Prior to checking accounts, banks would accept deposits of gold and issue receipts that could be redeemed for the gold. The receipts could be given to someone else to be redeemed - if I brought a cow from one of you I could pay for it with the receipt for my gold at the bank rather than going to the bank for the gold. When banks realized (about 600 or 700 years ago) that people left the gold in the bank and just circulated the receipts they began making loans against the gold by issuing more receipts. Eventually they simply began issuing standard bills (money they printed) which promised to pay, on demand, in gold. For every deposit of actual gold they found that they could print ten or fifteen times that amount in paper money to be loaned out. This was the start of FRACTIONAL RESERVE BANKING or the practice of backing up the money printed by banks or, now days, the checking accounts issued by the bank, with gold (or U.S. currency now days) that is worth only a fraction of the value of the paper money or checking accounts the bank issues.

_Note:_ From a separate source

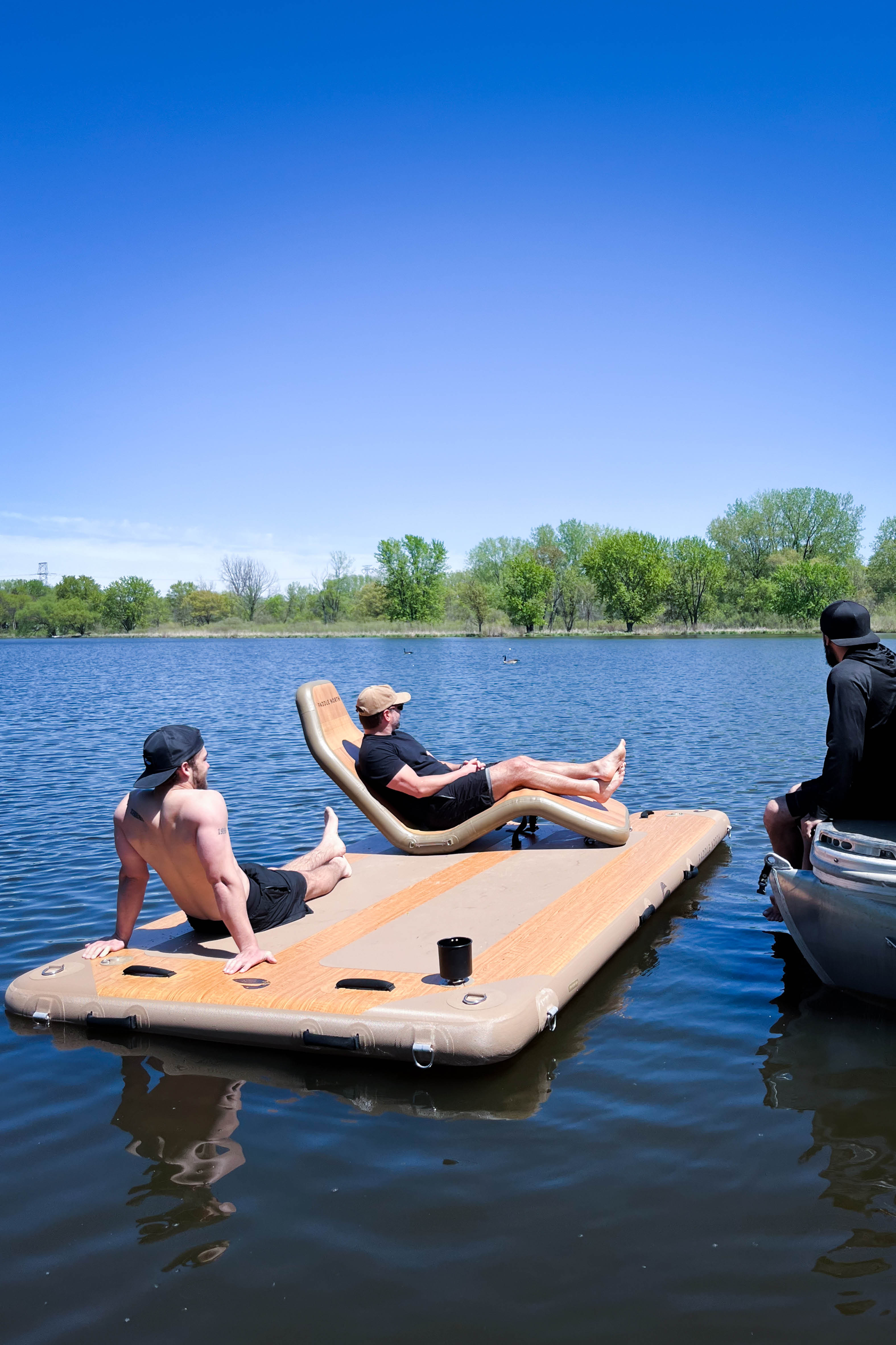 People sitting on an inflatable dock in the water.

Since people do occasionally ask for cash (or gold in the past), prudence (and now days the LAW) requires that banks not lend out 100% of their deposits, but maintain some in reserve to honor the few requests they get for actual cash. Today banks could probably get away with keeping about 10% as a reserve but the law requires a higher amount (currently about 18%) in order to give the system a greater margin for error.

It is the reserve requirement that prevents the banks from re-lending the funds indefinitely. When the bank takes a deposit it can only re-lend 82% of the amount (keeping the other 18% in reserve). Putting the 82% into the new borrower's checking account gives them the opportunity to lend it again but they can only lend 82% of that account (which was 82% of the original deposit). As you can see, each new round of lending gets smaller and smaller until eventually no additional loans can be made against the original deposit.